New here - a bit out of my element and I was unable to find my answer over on the GMT400 forums. I've owned my 94' C1500 with an LM7 engine mated up with an NV3500 5-Speed Trans for about 3 years now and I thought I was in need of a new clutch since it was getting really hard to get it into gear; no grinds, just took some force to get them in.

I apologize in advance for beating a dead horse here - I've been searching the forum/web for a few days now and am unable to find what I am looking for.

Issue/Problem - my clutch pedal feels "odd". Very short, very soft at 1st but then gets excessively hard to push the last bit in: it seems like it has a "secondary push" once you hit the 1st "bottom". I'm unsure how else to explain it...when engaging the clutch, it bottoms out easy but won't go into gear unless you give it another "thrust/hard push" and continues to sink another 1/2 inch, at which point, the gears will go in smoothly. However, you go too far (perhaps the last 1/4" to the floor) and it will not go into gear.

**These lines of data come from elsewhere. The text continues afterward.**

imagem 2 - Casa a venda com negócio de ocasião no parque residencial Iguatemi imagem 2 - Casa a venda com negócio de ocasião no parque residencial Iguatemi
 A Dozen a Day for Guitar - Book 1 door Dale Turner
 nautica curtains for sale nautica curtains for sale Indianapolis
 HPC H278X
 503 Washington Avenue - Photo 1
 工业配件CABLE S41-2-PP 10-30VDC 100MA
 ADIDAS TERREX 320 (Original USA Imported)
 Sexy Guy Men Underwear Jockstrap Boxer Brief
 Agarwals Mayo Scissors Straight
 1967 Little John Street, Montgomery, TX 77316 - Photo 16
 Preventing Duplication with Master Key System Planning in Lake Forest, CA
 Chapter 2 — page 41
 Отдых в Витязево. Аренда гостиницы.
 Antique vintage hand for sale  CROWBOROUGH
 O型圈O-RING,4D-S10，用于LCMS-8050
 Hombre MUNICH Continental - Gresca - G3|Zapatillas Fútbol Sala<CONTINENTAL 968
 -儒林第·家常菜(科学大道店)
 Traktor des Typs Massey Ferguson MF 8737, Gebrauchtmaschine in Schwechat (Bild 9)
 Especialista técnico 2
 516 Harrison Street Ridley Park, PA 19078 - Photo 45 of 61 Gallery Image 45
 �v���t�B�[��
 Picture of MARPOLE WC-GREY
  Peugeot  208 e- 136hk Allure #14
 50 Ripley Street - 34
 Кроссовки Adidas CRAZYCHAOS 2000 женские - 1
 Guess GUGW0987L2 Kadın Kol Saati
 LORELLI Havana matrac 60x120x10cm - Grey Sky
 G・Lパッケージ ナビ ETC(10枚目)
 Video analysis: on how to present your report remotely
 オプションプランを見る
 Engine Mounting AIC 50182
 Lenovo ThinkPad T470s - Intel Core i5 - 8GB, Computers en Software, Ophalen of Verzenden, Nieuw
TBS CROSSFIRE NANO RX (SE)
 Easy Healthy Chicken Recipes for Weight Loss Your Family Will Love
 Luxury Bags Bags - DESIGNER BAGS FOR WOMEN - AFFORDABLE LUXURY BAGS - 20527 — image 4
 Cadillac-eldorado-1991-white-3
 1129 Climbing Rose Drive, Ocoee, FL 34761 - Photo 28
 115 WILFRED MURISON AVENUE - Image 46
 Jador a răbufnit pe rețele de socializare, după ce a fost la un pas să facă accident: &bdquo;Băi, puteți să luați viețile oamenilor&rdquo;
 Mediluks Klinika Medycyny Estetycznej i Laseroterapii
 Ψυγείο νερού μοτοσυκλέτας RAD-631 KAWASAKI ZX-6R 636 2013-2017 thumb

Current Setup - 94' C1500, LM7 5.3L and NV3500 w/external salve cylinder.

by https://www.flickr.com/photos/151789831@N04/
Clutch Master/Slave Cylinder - Duralast Clutch Slave Cylinder PFHK064 (this is actually my 3rd one as the pervious 2 have failed: one started leaking at the reservoir while the 2nd one just seemed to quit internally). It's an all in one system, pre bleed and just install and go. Upon further investigation, is does have a bleeder screw and we've actually tried bleeding it but it didn't help.
For Reference: https://www.autozone.com/drivetrain/...064/274730_0_0

Here's the most recent parts list for the clutch job last weekend:

by https://www.flickr.com/photos/151789831@N04/
Upon taking out the old clutch/fly, it showed very little signs of wear and/or usage. The only thing we noticed that may have been a cause for concern was the throwout bearing:

by https://www.flickr.com/photos/151789831@N04/
Regardless of the condition of the old setup, everything new went in but my problem with the weird clutch pedal engagement was still present. Syncromesh was used to fill up the NV3500.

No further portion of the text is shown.